MIT Sloan Management Review

Leadership and Organizational Studies, Marketing

Achieving Deep Customer Focus

By Sandra Vandermerwe

April 15, 2004

The full text of this article is available free to all site visitors as part of our ongoing Business Insight series compliments of MIT Sloan Executive Education. Jointly produced by MIT Sloan Management Review and The Wall Street Journal, Business Insight offers fresh thinking on crucial management issues supplemented by the deep knowledge of related MIT SMR articles. Download article PDF

Customer-focused transformation is producing long-term, sustainable growth through a systemic, tested process. The approach gets all employees collaborating to identify the outcomes that customers need — and to help them get there.

Today’s managers acknowledge the importance of customer focus for growing a business and competing.1 Yet the often costly customer efforts they have implemented have not led to the expected gains. The reason: a superficial understanding of what customer focus really means. Fortunately, a few organizations are going beyond thinking up new technologies, products and services and, through comprehensive organizational change, are achieving the deep customer focus that is nearly impossible to imitate.
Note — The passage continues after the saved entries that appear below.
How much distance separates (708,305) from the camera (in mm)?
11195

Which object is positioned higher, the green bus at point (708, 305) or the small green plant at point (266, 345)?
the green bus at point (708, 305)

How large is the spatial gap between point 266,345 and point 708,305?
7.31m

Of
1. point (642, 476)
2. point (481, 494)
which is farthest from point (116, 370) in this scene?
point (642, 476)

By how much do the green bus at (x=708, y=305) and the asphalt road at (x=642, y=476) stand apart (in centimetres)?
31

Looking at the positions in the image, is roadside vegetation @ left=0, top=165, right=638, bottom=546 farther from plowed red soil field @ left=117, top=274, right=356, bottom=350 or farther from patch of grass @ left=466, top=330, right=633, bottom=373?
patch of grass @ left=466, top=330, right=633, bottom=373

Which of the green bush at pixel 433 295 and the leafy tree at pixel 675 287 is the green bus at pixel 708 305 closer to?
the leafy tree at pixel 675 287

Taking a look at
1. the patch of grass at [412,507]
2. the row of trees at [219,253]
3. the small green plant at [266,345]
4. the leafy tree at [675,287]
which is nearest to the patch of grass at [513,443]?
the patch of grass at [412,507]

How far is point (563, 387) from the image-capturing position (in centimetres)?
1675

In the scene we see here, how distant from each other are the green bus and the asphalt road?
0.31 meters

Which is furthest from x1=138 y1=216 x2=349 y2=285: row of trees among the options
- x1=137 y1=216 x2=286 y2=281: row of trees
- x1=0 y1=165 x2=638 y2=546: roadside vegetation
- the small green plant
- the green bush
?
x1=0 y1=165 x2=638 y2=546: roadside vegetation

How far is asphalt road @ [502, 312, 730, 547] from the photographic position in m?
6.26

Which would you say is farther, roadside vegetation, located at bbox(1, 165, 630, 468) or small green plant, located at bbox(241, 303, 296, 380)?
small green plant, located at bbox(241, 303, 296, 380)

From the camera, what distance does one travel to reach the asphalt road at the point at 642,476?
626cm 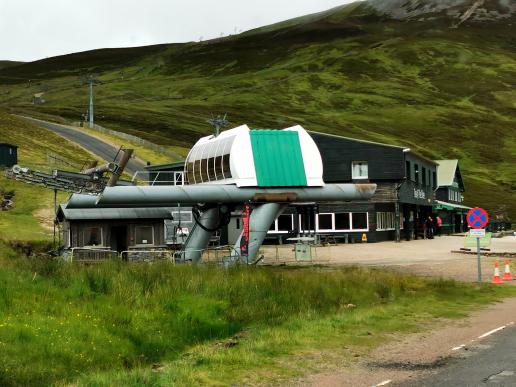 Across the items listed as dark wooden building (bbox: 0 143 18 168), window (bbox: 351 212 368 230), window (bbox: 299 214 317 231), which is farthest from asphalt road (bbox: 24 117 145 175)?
window (bbox: 351 212 368 230)

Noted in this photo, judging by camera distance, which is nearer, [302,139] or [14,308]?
[14,308]

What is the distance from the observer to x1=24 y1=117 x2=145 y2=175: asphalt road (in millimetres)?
83875

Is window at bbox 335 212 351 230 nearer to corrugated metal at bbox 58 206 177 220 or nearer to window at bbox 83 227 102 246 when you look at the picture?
corrugated metal at bbox 58 206 177 220

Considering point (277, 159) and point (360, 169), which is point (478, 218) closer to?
point (277, 159)

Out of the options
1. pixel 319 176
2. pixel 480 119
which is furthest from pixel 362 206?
pixel 480 119

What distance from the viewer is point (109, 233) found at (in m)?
43.2

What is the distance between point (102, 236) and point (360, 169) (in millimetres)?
27715

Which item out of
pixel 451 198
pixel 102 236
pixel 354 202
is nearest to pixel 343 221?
pixel 354 202

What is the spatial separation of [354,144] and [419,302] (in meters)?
41.6

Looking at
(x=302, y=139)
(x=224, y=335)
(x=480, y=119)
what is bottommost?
(x=224, y=335)

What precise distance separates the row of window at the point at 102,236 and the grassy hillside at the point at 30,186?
5250 millimetres

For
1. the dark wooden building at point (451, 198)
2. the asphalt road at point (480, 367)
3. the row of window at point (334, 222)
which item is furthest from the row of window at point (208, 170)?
the dark wooden building at point (451, 198)

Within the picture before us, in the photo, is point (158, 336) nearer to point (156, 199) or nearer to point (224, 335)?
point (224, 335)

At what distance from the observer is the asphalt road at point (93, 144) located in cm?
8388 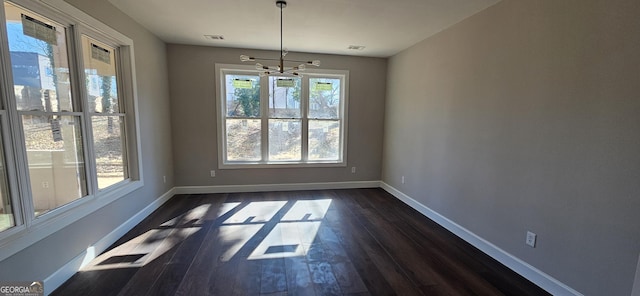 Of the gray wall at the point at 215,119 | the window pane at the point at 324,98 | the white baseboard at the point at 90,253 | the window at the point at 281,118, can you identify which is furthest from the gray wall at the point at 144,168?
the window pane at the point at 324,98

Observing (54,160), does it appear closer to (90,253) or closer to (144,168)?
(90,253)

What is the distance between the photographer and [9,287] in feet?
Answer: 5.43

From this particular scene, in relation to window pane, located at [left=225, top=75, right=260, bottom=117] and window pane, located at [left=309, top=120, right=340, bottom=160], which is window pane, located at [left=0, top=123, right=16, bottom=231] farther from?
window pane, located at [left=309, top=120, right=340, bottom=160]

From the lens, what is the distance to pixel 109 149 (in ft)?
9.20

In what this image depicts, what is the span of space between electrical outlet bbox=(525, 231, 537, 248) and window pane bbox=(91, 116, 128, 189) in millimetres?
4067

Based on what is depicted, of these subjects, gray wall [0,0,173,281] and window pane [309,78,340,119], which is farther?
window pane [309,78,340,119]

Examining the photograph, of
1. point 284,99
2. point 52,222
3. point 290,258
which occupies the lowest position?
point 290,258

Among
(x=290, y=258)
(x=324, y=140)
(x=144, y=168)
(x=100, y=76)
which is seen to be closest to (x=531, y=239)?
(x=290, y=258)

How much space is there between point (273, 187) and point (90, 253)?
268 cm

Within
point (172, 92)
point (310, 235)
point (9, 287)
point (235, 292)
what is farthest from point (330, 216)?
point (172, 92)

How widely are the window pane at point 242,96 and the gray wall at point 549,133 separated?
2927mm

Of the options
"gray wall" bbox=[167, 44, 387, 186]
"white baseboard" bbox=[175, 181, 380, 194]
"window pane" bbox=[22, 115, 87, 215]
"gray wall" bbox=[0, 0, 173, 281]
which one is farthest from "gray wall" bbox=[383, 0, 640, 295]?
"window pane" bbox=[22, 115, 87, 215]

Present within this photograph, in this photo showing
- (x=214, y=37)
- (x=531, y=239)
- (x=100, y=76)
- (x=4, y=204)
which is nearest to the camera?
(x=4, y=204)

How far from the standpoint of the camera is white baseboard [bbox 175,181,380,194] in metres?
4.48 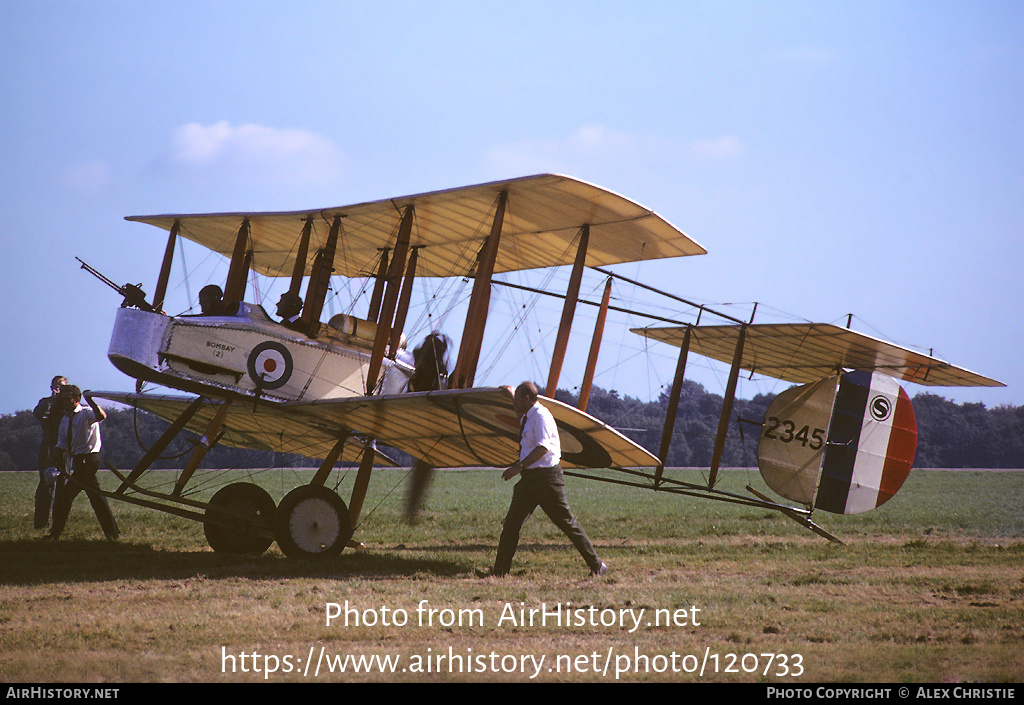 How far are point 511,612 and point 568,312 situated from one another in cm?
401

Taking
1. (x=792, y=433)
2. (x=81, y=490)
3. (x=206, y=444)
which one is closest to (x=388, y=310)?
(x=206, y=444)

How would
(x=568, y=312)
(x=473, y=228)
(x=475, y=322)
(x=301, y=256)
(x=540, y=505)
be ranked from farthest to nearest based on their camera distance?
(x=473, y=228) → (x=301, y=256) → (x=568, y=312) → (x=475, y=322) → (x=540, y=505)

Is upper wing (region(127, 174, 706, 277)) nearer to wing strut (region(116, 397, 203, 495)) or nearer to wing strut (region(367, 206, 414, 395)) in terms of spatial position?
wing strut (region(367, 206, 414, 395))

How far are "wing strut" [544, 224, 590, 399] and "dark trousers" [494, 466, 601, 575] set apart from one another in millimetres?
1952

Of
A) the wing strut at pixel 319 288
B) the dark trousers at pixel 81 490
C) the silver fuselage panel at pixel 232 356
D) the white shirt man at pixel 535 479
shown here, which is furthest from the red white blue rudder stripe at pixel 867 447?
the dark trousers at pixel 81 490

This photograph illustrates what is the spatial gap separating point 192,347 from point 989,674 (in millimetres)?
6766

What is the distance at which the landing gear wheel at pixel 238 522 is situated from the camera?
7.93 m

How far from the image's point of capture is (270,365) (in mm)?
8031

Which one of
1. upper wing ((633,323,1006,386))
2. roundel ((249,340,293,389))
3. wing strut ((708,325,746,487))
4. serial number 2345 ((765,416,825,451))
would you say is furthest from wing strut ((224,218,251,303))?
serial number 2345 ((765,416,825,451))

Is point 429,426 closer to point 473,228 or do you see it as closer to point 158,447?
point 473,228

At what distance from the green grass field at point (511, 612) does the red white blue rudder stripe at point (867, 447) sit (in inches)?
45.4

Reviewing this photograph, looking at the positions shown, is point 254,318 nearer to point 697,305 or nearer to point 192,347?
point 192,347

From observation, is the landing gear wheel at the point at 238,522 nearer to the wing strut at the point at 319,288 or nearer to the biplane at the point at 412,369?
the biplane at the point at 412,369

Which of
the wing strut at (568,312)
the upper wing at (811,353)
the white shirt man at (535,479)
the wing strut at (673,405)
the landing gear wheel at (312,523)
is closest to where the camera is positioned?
the white shirt man at (535,479)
Deep customer focus is not about buying customer-relationship-management software that tracks customers’ purchases. It is not about designing sophisticated new products like mobile phones or iPods — or even about processes that allow a car to be built with customer-requested features. It’s about an attitude that gets deep inside a company into what it is, what it does and what it prides itself on.

Many observers have suggested what needs to be done to create organizational change, but no one has spelled out how to get there, particularly how to make the changes that lead to a customer focus deep enough to become part of the lifeblood of an organization.2

Becoming Indispensable to Customers

Because companies with deep customer focus are constantly thinking about better, quicker, easier ways of doing things that customers need, they ultimately become indispensable. Whatever customers need to do (say, use information to make critical decisions differently, ensure employees’ lifetime well-being, manage energy or do on-demand computing), the company with deep customer focus excels at offering the outcomes each customer seeks. Through constant innovation, customer feedback and the use of knowledge, the enterprise becomes indispensable. And as the relationship intensifies, truly sustainable gains ensue. No product or service on its own can accomplish all that.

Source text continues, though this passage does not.